On ne va pas en vouloir aux Français de dormir à cette heure indue en semaine, mais ils ont raté un joli moment de gloire du sport tricolore aux JO de Tokyo. Prétendants affirmés à la médaille suprême, la paire française Matthieu Androdias-Hugo Boucheron a parfaitement répondu présent en prenant l’or en aviron, dans leur spécialité du deux de couple. Un troisième sacre pour les Bleus dans ces Jeux japonais, mais là où la victoire de Romain Cannone en escrime et le sacre de Clarisse Agbégnénou étaient regardables en début d’après-midi et en fin de matinée, les sept heures de décalage horaire ont condamné nos rameurs à n’être vus en direct que par une poignée de passionnés et de noctambules.

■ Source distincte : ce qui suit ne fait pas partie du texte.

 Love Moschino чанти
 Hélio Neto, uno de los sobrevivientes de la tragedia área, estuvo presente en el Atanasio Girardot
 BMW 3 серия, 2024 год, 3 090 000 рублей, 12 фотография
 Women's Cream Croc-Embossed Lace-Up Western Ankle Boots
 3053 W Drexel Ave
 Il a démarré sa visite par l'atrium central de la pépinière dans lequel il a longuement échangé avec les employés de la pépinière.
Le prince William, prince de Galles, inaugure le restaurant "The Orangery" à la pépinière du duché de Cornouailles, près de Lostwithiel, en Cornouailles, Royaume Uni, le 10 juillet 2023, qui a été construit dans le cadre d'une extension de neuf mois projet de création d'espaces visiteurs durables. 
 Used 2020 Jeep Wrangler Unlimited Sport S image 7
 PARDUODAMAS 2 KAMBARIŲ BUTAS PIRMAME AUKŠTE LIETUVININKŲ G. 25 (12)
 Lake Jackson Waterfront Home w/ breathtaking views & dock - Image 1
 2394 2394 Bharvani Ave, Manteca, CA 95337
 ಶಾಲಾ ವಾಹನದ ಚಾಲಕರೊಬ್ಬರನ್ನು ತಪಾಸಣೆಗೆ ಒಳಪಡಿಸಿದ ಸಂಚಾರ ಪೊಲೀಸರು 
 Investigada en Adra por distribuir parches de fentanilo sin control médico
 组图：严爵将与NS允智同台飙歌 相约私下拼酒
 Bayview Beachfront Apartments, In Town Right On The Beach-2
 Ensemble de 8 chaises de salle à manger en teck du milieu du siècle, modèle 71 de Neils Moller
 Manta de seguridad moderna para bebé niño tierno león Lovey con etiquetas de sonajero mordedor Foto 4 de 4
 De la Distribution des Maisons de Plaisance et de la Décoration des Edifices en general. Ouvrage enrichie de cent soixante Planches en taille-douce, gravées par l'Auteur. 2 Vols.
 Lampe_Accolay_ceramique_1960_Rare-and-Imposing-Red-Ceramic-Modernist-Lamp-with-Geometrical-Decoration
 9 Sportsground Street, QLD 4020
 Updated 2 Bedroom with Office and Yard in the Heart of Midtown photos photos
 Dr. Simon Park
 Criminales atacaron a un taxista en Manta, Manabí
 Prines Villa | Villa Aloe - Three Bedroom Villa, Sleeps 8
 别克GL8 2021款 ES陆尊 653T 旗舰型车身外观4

Sur les réseaux sociaux, quelques internautes tentent de tromper le sommeil en publiant des messages d’encouragements pour les deux athlètes. Membre de l’équipe de France d’aviron aux JO d’Athènes en 2004, Caroline Delas publie sur Instagram les heures des réveils programmés sur son téléphone. Un premier pour la finale B d’Élodie Ravera-Scaramozzino et Hélène Lefebvre, un dernier pour la demie du tandem Claire Bové-Laura Tarantola et, au milieu, le crucial rappel pour ne rien rater du duo, installé à Lyon.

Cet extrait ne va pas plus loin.